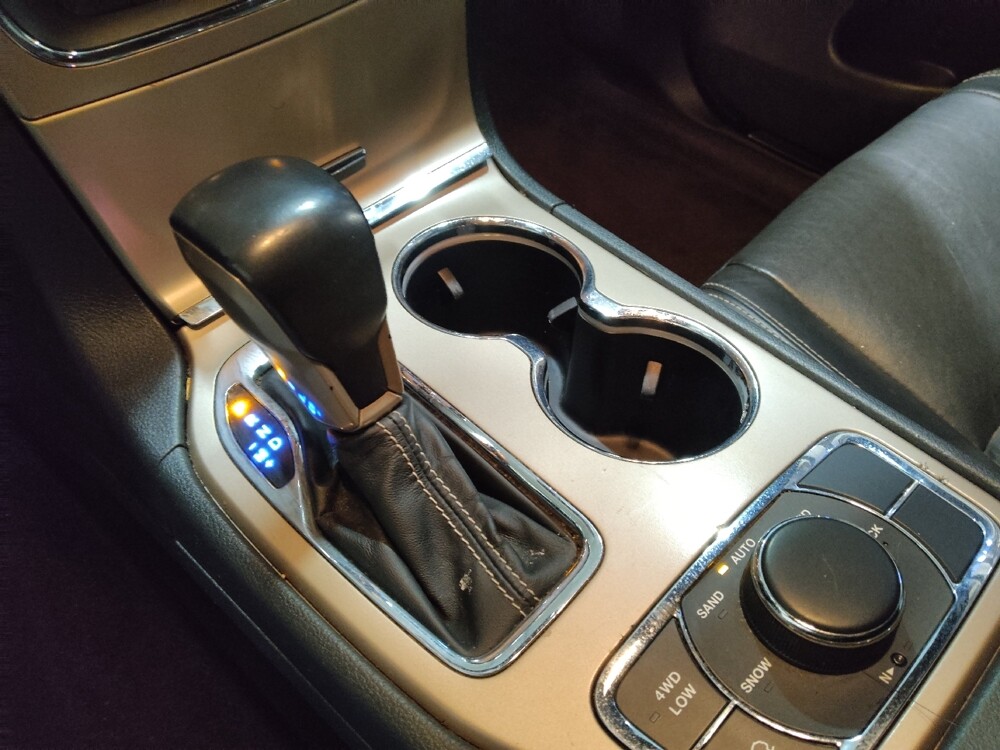 2016 Jeep Grand Cherokee in Pittsburgh, PA 15236 - 18083772 26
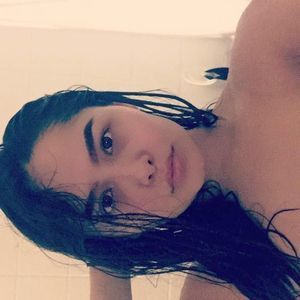 Meet your Posher, Jeniffer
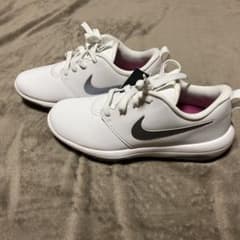 NIKE ナイキのサムネイル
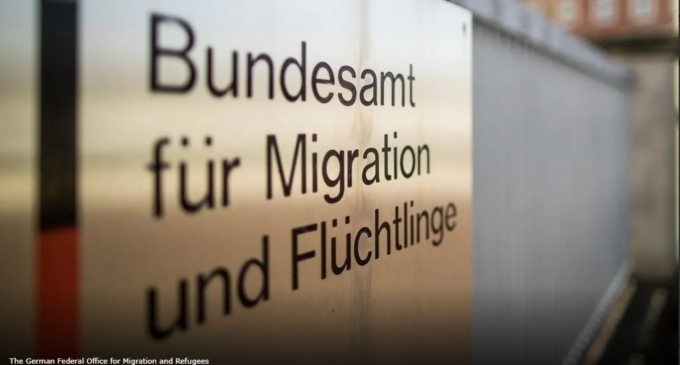 Partidos da oposição da Alemanha questionam aumento de pedidos de asilo de turcos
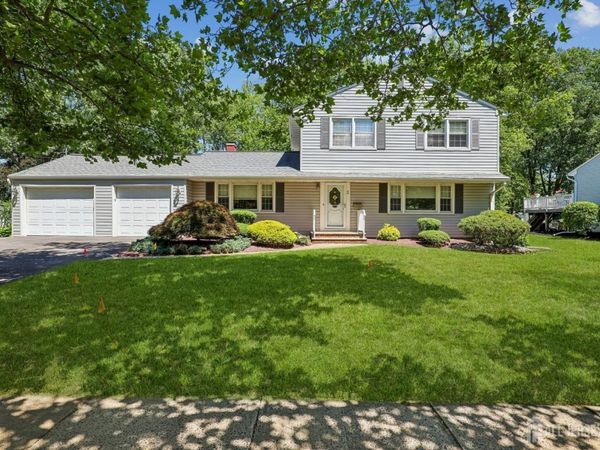 5 Dogwood Court, East Brunswick, NJ 08816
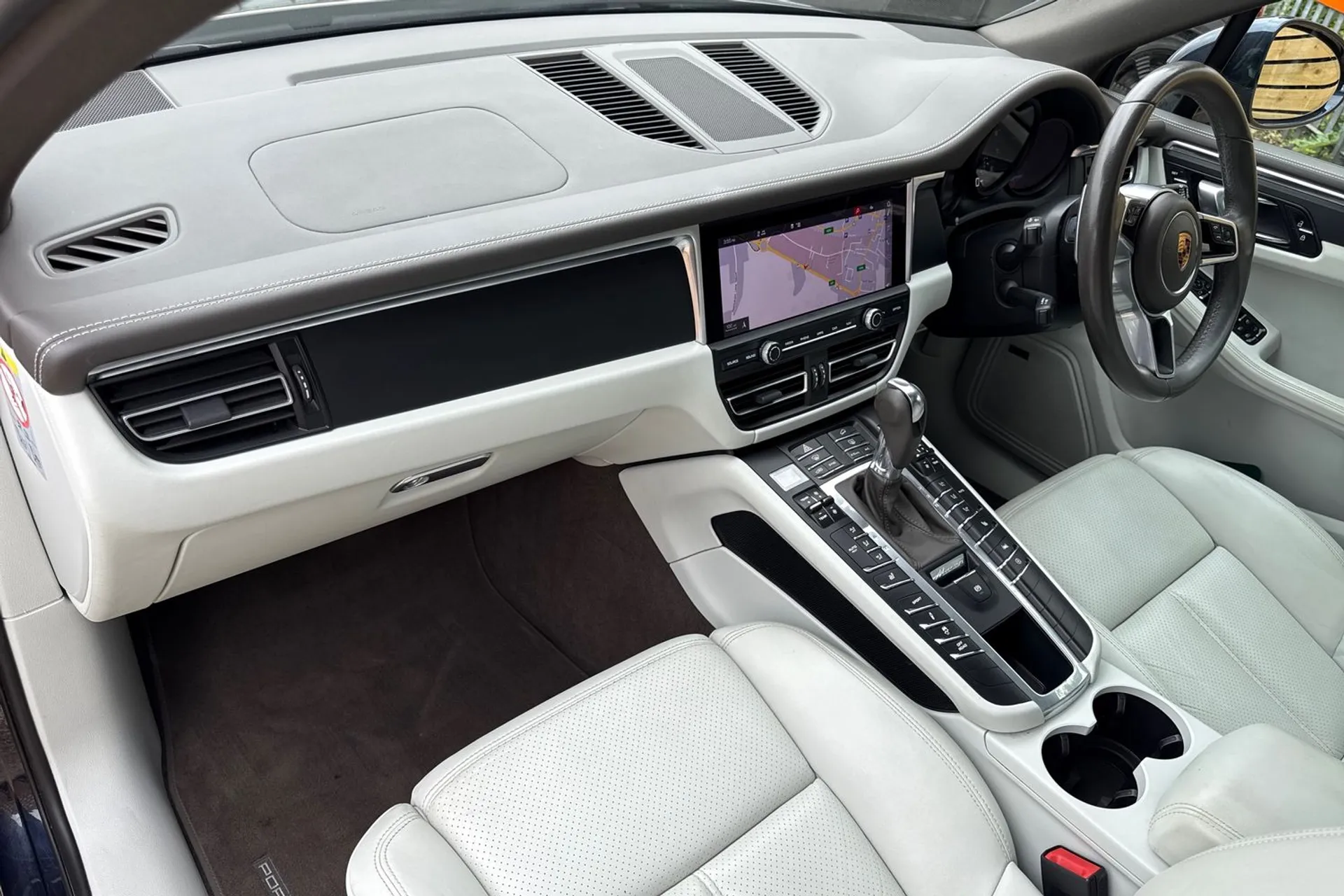 Porsche MACAN thumbnail image number 28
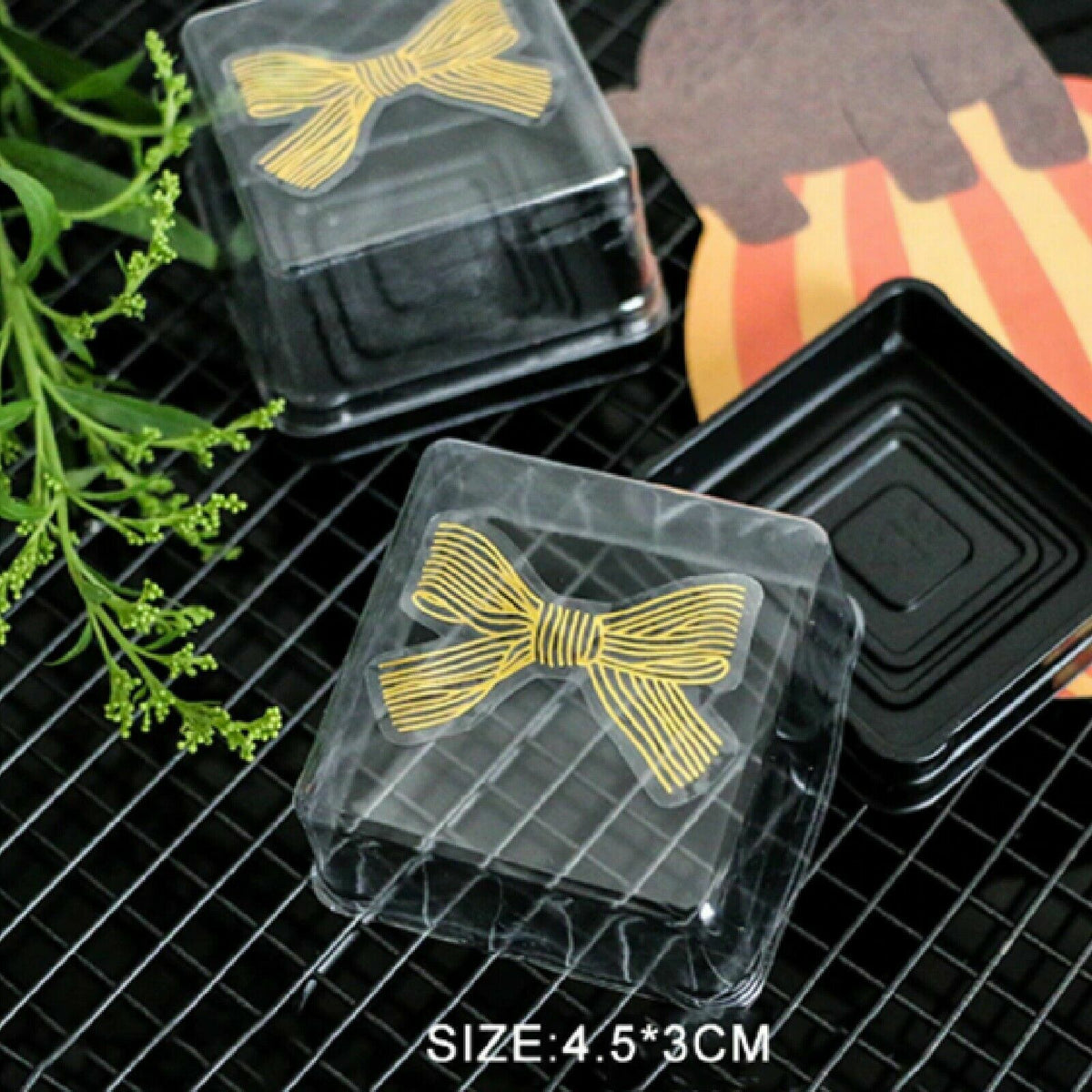 Gold Bow Stickers Seals Wedding Birthday Present Handmade Gift Craft 4.5x3cm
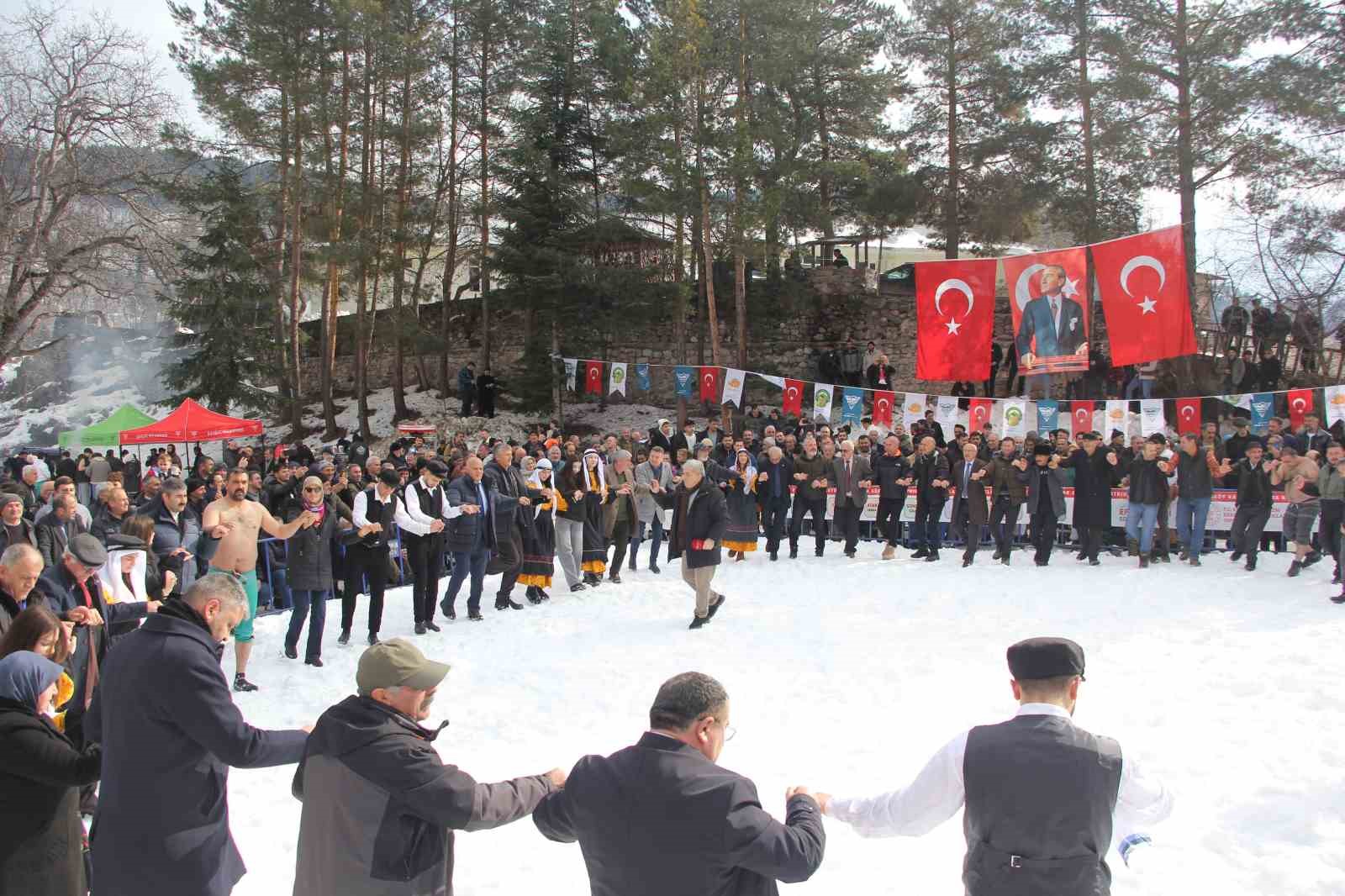 Artvin’de 300 yıllık kar üstü karakucak geleneği yaşatılıyor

Your task: Give back the full listing verbatim, skipping each picture.

Completed exercise:
 2016 Jeep Grand Cherokee in Pittsburgh, PA 15236 - 18083772 26
 Meet your Posher, Jeniffer
 NIKE ナイキのサムネイル
 Partidos da oposição da Alemanha questionam aumento de pedidos de asilo de turcos
 5 Dogwood Court, East Brunswick, NJ 08816
 Porsche MACAN thumbnail image number 28
 Gold Bow Stickers Seals Wedding Birthday Present Handmade Gift Craft 4.5x3cm
 Artvin’de 300 yıllık kar üstü karakucak geleneği yaşatılıyor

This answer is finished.